══ Data for review ══

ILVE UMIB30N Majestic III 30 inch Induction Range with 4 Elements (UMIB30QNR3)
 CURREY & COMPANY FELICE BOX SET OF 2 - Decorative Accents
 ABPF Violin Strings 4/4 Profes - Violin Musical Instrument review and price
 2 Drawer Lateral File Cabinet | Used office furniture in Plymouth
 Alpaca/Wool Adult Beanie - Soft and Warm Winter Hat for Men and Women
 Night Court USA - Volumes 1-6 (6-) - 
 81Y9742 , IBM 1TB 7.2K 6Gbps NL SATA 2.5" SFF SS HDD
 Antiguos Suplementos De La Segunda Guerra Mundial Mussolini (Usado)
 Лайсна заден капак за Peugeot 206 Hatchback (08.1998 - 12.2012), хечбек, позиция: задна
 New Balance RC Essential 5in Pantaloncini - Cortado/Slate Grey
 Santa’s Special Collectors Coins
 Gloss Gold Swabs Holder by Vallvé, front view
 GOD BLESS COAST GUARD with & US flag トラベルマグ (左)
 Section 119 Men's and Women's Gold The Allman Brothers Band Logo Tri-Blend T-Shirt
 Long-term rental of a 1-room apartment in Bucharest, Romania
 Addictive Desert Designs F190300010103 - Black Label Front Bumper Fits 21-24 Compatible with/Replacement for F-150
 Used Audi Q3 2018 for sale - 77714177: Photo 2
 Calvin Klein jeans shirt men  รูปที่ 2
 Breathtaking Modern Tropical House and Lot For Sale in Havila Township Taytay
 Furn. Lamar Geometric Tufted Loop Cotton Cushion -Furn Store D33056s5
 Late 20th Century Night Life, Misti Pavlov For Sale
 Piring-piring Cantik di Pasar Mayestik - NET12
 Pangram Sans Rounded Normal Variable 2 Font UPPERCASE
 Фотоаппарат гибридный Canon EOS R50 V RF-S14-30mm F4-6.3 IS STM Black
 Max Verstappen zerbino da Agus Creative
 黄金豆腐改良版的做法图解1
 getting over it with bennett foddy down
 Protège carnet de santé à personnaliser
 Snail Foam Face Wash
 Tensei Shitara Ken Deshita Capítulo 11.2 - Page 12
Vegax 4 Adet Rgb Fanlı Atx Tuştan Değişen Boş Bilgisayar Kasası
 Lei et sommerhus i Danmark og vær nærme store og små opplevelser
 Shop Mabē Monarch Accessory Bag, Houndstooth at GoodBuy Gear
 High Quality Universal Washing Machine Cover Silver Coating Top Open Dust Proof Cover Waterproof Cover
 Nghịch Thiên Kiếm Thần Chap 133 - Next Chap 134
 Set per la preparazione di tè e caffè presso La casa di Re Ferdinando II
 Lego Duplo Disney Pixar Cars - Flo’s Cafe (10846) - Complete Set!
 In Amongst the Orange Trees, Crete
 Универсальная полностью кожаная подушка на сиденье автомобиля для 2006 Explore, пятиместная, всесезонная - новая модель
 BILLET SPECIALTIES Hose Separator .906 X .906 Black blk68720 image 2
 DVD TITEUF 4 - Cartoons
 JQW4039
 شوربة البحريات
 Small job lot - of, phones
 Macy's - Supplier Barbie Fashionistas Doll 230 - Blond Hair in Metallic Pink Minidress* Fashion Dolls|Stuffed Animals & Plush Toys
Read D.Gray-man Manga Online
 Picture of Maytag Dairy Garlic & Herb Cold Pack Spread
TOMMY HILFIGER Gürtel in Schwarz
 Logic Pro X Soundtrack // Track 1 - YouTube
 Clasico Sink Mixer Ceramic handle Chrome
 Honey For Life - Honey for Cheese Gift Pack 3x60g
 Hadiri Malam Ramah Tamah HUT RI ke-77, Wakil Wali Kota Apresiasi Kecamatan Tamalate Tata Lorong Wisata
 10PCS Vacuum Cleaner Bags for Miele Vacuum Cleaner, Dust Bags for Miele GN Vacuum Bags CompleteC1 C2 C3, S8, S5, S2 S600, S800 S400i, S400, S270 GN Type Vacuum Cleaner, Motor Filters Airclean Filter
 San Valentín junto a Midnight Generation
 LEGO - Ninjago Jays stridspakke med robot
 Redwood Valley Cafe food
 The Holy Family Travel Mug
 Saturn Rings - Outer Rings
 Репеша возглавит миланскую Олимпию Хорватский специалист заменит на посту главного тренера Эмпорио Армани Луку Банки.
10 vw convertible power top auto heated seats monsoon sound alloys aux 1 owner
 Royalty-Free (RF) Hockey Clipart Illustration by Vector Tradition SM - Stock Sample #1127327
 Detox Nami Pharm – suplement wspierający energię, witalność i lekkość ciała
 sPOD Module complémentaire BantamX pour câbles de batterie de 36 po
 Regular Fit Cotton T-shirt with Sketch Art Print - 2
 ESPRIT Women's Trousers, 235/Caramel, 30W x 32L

═══

What you have to do: Your reply should consist of the records, copied exactly.

Answer space:
ILVE UMIB30N Majestic III 30 inch Induction Range with 4 Elements (UMIB30QNR3)
 CURREY & COMPANY FELICE BOX SET OF 2 - Decorative Accents
 ABPF Violin Strings 4/4 Profes - Violin Musical Instrument review and price
 2 Drawer Lateral File Cabinet | Used office furniture in Plymouth
 Alpaca/Wool Adult Beanie - Soft and Warm Winter Hat for Men and Women
 Night Court USA - Volumes 1-6 (6-) - 
 81Y9742 , IBM 1TB 7.2K 6Gbps NL SATA 2.5" SFF SS HDD
 Antiguos Suplementos De La Segunda Guerra Mundial Mussolini (Usado)
 Лайсна заден капак за Peugeot 206 Hatchback (08.1998 - 12.2012), хечбек, позиция: задна
 New Balance RC Essential 5in Pantaloncini - Cortado/Slate Grey
 Santa’s Special Collectors Coins
 Gloss Gold Swabs Holder by Vallvé, front view
 GOD BLESS COAST GUARD with & US flag トラベルマグ (左)
 Section 119 Men's and Women's Gold The Allman Brothers Band Logo Tri-Blend T-Shirt
 Long-term rental of a 1-room apartment in Bucharest, Romania
 Addictive Desert Designs F190300010103 - Black Label Front Bumper Fits 21-24 Compatible with/Replacement for F-150
 Used Audi Q3 2018 for sale - 77714177: Photo 2
 Calvin Klein jeans shirt men  รูปที่ 2
 Breathtaking Modern Tropical House and Lot For Sale in Havila Township Taytay
 Furn. Lamar Geometric Tufted Loop Cotton Cushion -Furn Store D33056s5
 Late 20th Century Night Life, Misti Pavlov For Sale
 Piring-piring Cantik di Pasar Mayestik - NET12
 Pangram Sans Rounded Normal Variable 2 Font UPPERCASE
 Фотоаппарат гибридный Canon EOS R50 V RF-S14-30mm F4-6.3 IS STM Black
 Max Verstappen zerbino da Agus Creative
 黄金豆腐改良版的做法图解1
 getting over it with bennett foddy down
 Protège carnet de santé à personnaliser
 Snail Foam Face Wash
 Tensei Shitara Ken Deshita Capítulo 11.2 - Page 12
Vegax 4 Adet Rgb Fanlı Atx Tuştan Değişen Boş Bilgisayar Kasası
 Lei et sommerhus i Danmark og vær nærme store og små opplevelser
 Shop Mabē Monarch Accessory Bag, Houndstooth at GoodBuy Gear
 High Quality Universal Washing Machine Cover Silver Coating Top Open Dust Proof Cover Waterproof Cover
 Nghịch Thiên Kiếm Thần Chap 133 - Next Chap 134
 Set per la preparazione di tè e caffè presso La casa di Re Ferdinando II
 Lego Duplo Disney Pixar Cars - Flo’s Cafe (10846) - Complete Set!
 In Amongst the Orange Trees, Crete
 Универсальная полностью кожаная подушка на сиденье автомобиля для 2006 Explore, пятиместная, всесезонная - новая модель
 BILLET SPECIALTIES Hose Separator .906 X .906 Black blk68720 image 2
 DVD TITEUF 4 - Cartoons
 JQW4039
 شوربة البحريات
 Small job lot - of, phones
 Macy's - Supplier Barbie Fashionistas Doll 230 - Blond Hair in Metallic Pink Minidress* Fashion Dolls|Stuffed Animals & Plush Toys
Read D.Gray-man Manga Online
 Picture of Maytag Dairy Garlic & Herb Cold Pack Spread
TOMMY HILFIGER Gürtel in Schwarz
 Logic Pro X Soundtrack // Track 1 - YouTube
 Clasico Sink Mixer Ceramic handle Chrome
 Honey For Life - Honey for Cheese Gift Pack 3x60g
 Hadiri Malam Ramah Tamah HUT RI ke-77, Wakil Wali Kota Apresiasi Kecamatan Tamalate Tata Lorong Wisata
 10PCS Vacuum Cleaner Bags for Miele Vacuum Cleaner, Dust Bags for Miele GN Vacuum Bags CompleteC1 C2 C3, S8, S5, S2 S600, S800 S400i, S400, S270 GN Type Vacuum Cleaner, Motor Filters Airclean Filter
 San Valentín junto a Midnight Generation
 LEGO - Ninjago Jays stridspakke med robot
 Redwood Valley Cafe food
 The Holy Family Travel Mug
 Saturn Rings - Outer Rings
 Репеша возглавит миланскую Олимпию Хорватский специалист заменит на посту главного тренера Эмпорио Армани Луку Банки.
10 vw convertible power top auto heated seats monsoon sound alloys aux 1 owner
 Royalty-Free (RF) Hockey Clipart Illustration by Vector Tradition SM - Stock Sample #1127327
 Detox Nami Pharm – suplement wspierający energię, witalność i lekkość ciała
 sPOD Module complémentaire BantamX pour câbles de batterie de 36 po
 Regular Fit Cotton T-shirt with Sketch Art Print - 2
 ESPRIT Women's Trousers, 235/Caramel, 30W x 32L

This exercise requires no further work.